**TASK MATERIAL**

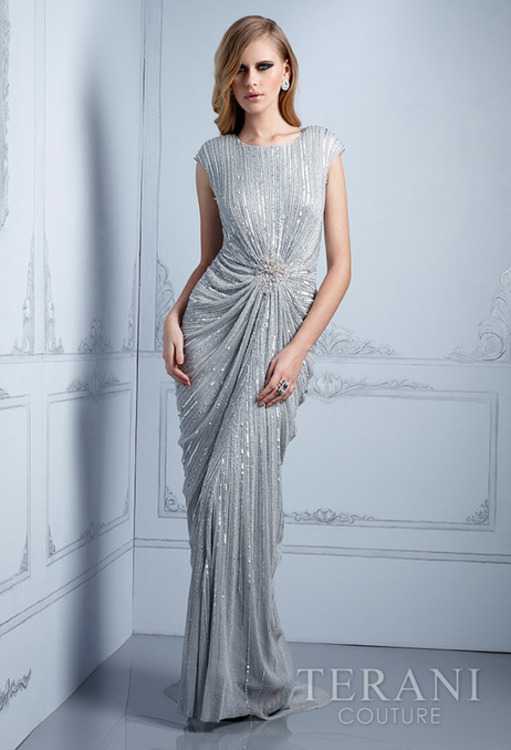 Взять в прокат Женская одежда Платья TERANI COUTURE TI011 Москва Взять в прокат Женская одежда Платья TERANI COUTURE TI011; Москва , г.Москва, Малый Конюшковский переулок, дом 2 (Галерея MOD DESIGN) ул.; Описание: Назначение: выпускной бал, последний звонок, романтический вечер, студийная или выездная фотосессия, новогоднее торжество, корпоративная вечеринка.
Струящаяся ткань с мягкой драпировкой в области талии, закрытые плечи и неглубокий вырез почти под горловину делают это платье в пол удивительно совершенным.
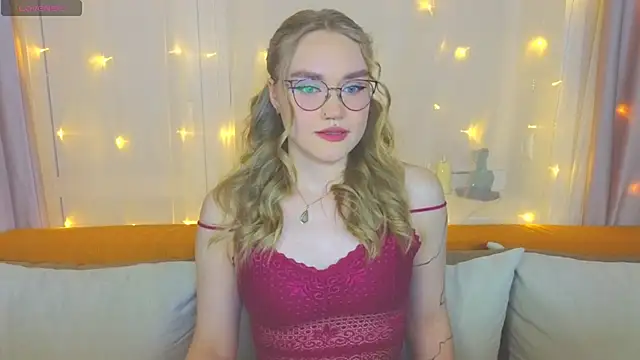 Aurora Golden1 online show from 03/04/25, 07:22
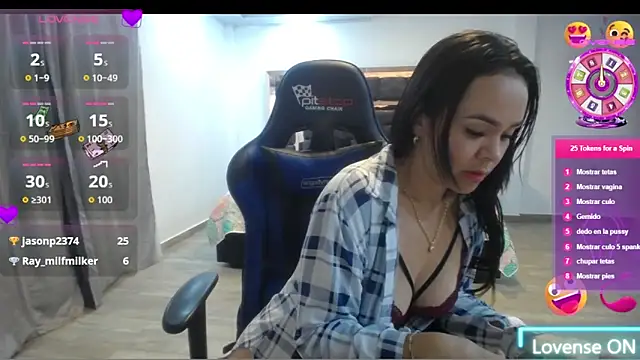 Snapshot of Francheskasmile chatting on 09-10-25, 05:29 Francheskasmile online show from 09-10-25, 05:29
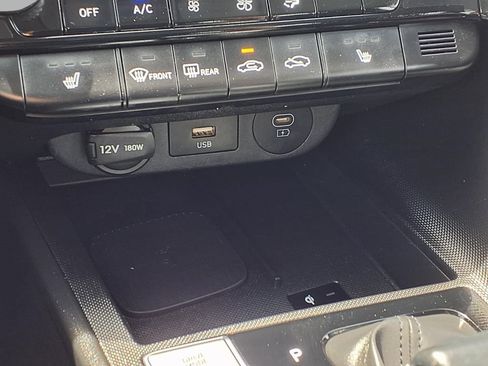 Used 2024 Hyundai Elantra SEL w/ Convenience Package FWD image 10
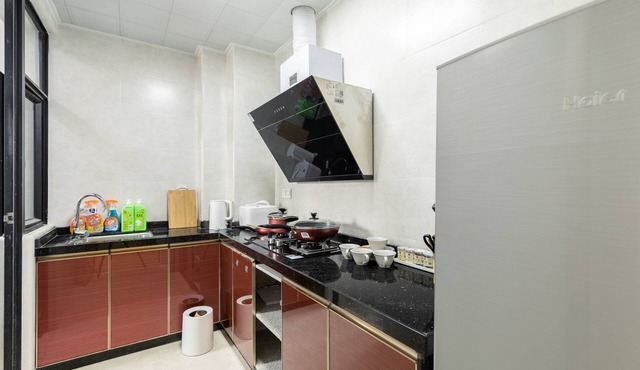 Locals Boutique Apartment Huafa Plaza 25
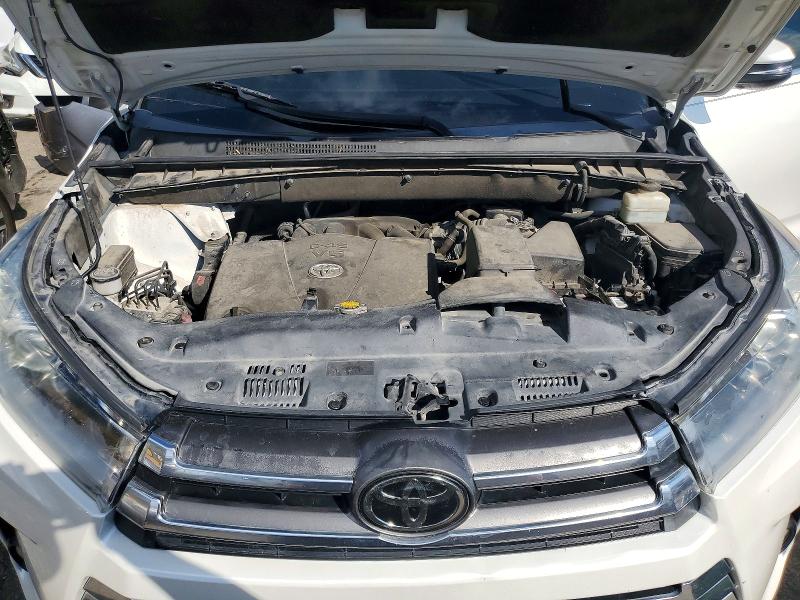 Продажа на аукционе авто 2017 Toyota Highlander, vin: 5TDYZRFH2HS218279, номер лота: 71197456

...

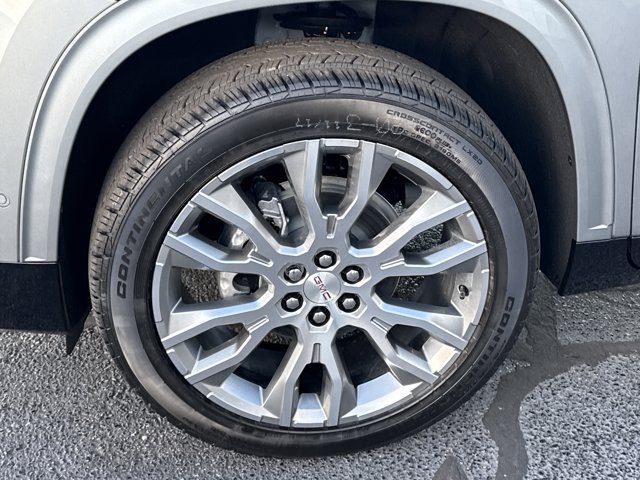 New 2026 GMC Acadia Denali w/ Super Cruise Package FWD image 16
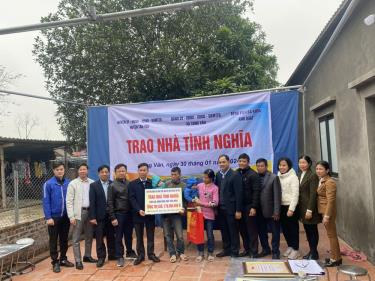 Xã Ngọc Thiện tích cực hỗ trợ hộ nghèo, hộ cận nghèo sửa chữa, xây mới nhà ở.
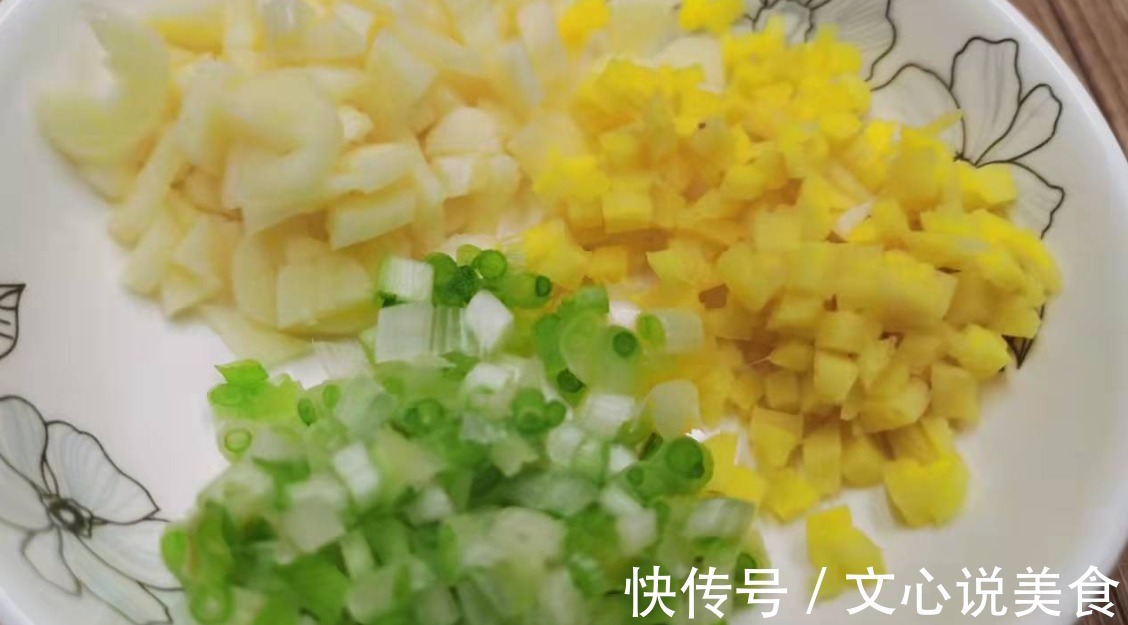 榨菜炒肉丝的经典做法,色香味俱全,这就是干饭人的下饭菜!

---

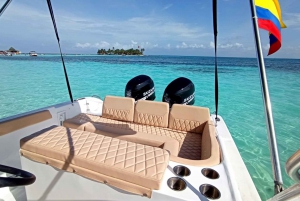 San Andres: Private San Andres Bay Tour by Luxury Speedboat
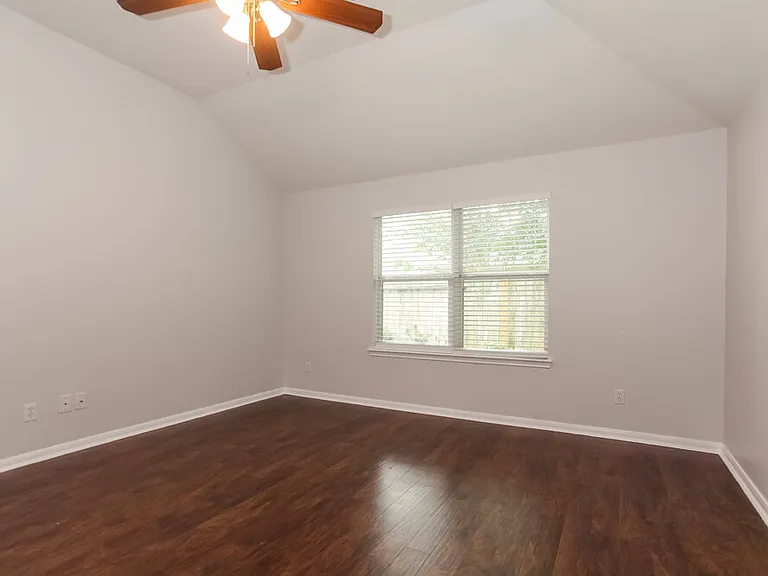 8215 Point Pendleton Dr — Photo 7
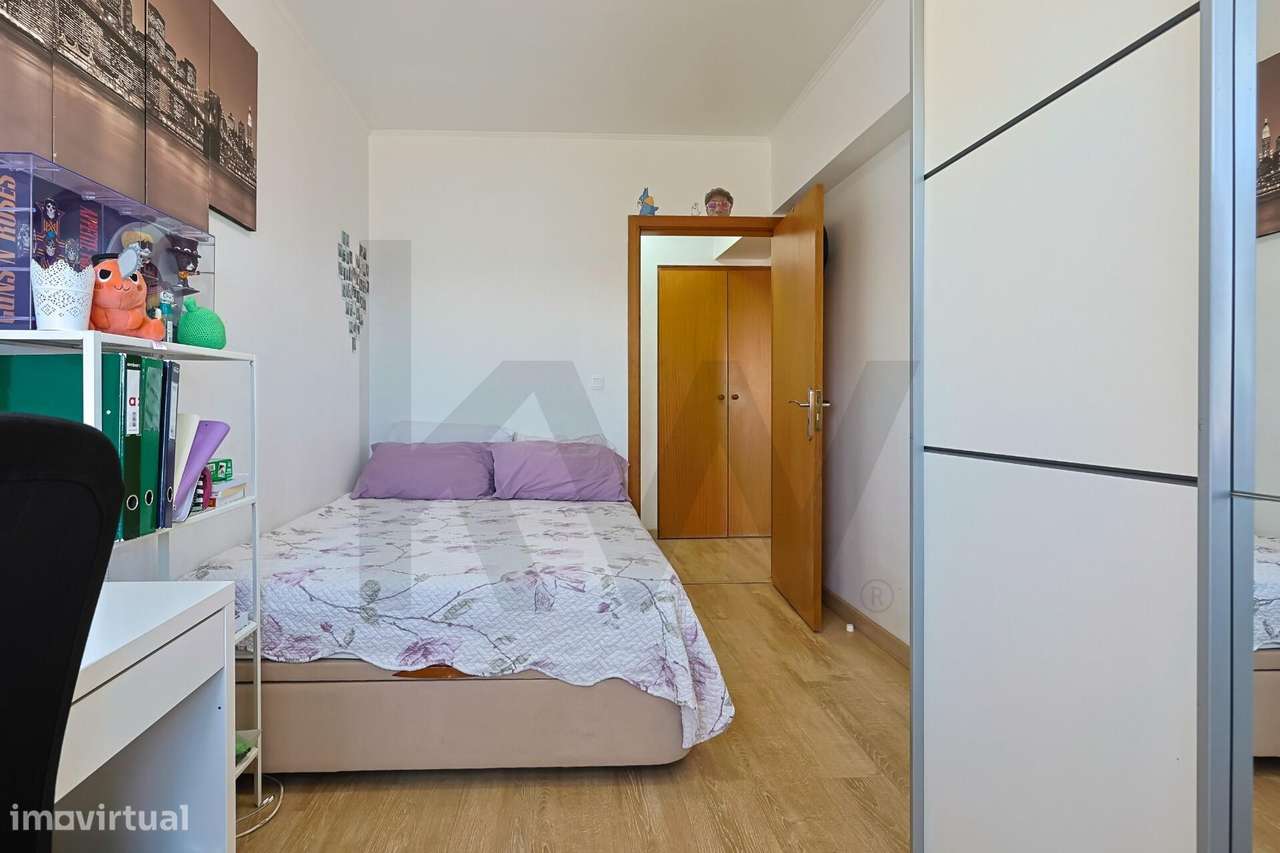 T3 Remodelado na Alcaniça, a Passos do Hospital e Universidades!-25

**TRY IT**
Using the data above, which lines fall from the one with "Locals Boutique Apartment Huafa Plaza 25" through the one with "Продажа на аукционе"? Repeat them exactly, ends included, minus any pictures.

**EXERCISE RESULT**
 Locals Boutique Apartment Huafa Plaza 25
 Продажа на аукционе авто 2017 Toyota Highlander, vin: 5TDYZRFH2HS218279, номер лота: 71197456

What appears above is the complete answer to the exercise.